Rewriting Higher-order Stack Trees

Vincent Penelle

Higher-order pushdown systems and ground tree rewriting systems can be seen as extensions of suffix word rewriting systems. Both classes generate infinite graphs with interesting logical properties. Indeed, the satisfaction of any formula written in monadic second order logic (respectively first order logic with reachability predicates) can be decided on such a graph.

The purpose of this talk is to propose a common extension to both higher-order stack operations and ground tree rewriting. We introduce a model of higher-order ground tree rewriting over trees labelled by higher-order stacks (henceforth called stack trees), which syntactically coincides with ordinary ground tree rewriting at order 1 and with the dynamics of higher-order pushdown automata over unary trees. The infinite graphs generated by this class have a decidable first order logic with reachability.

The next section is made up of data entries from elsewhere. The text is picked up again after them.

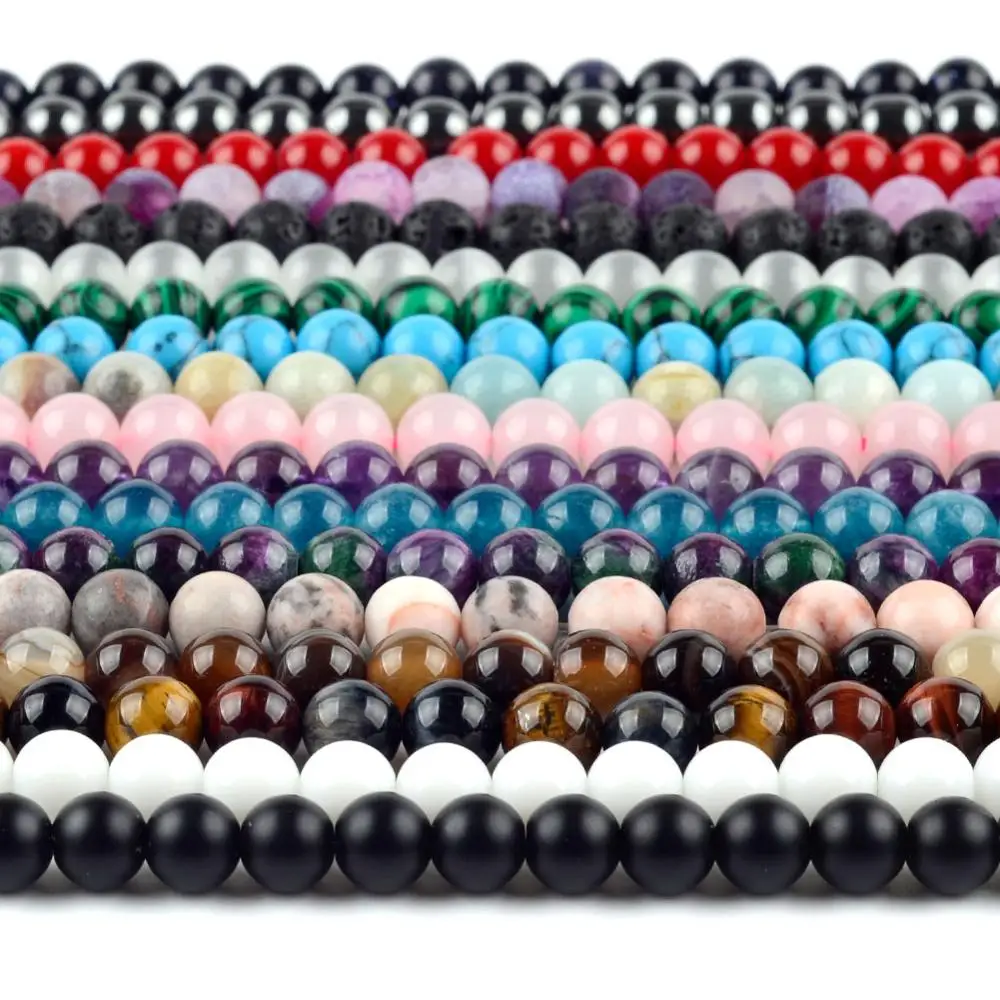 Thumbnail 3 - #22 Ranked Natural Stone Bracelets Picks in 2026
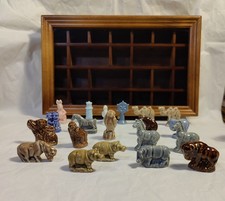 Wade Whimsies Red Rose Tea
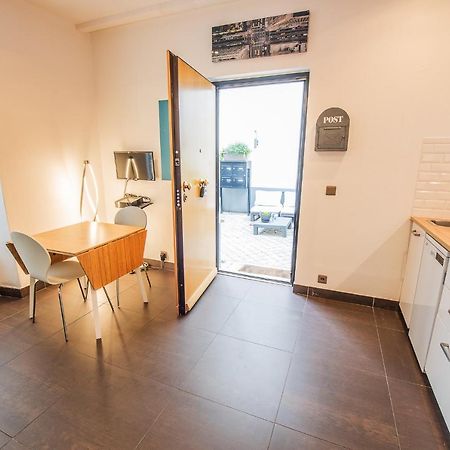 29 Saulnier Apartamento Puteaux Exterior foto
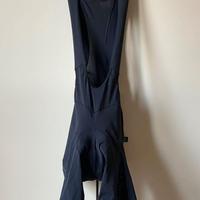 Salopette da bici ADICTA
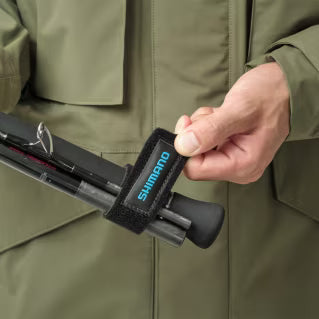 Shimano Rod Belt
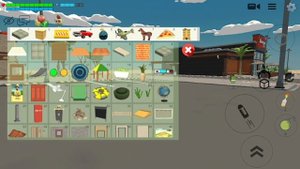 ЧИКЕН ГАН НОВОЕ ОБНОВЛЕНИЕ 4.3.0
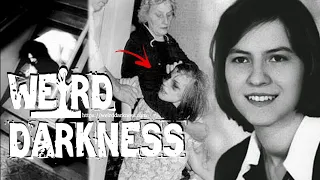 “THE 67 EXORCISMS OF ANNELIESE MICHEL” and More True Horrors! #WeirdDarkness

Formally, an order n stack tree is a tree labelled by order n-1 stacks. Operations of ground stack tree rewriting are represented by a certain class of connected DAGs labelled by a set of basic operations over stack trees describing of the relative application positions of the basic operations appearing on it. Applying a DAG to a stack tree t intuitively amounts to paste its input vertices to some leaves of t and to simplify the obtained structure, applying the basic operations labelling the edges of the DAG to the leaves they are appended to, until either a new stack tree is obtained or the process fails, in which case the application of the DAG to t at the chosen position is deemed impossible. This model is a common extension to those of higher-order stack operations presented by Carayol and of ground tree transducers presented by Dauchet and Tison.

As further results we can define a notion of recognisable sets of operations through a generalisation. The proof that the graphs generated by a ground stack tree rewriting system have a decidable first order theory with reachability is inspired by the technique of finite set interpretations presented by Colcombet and Loding.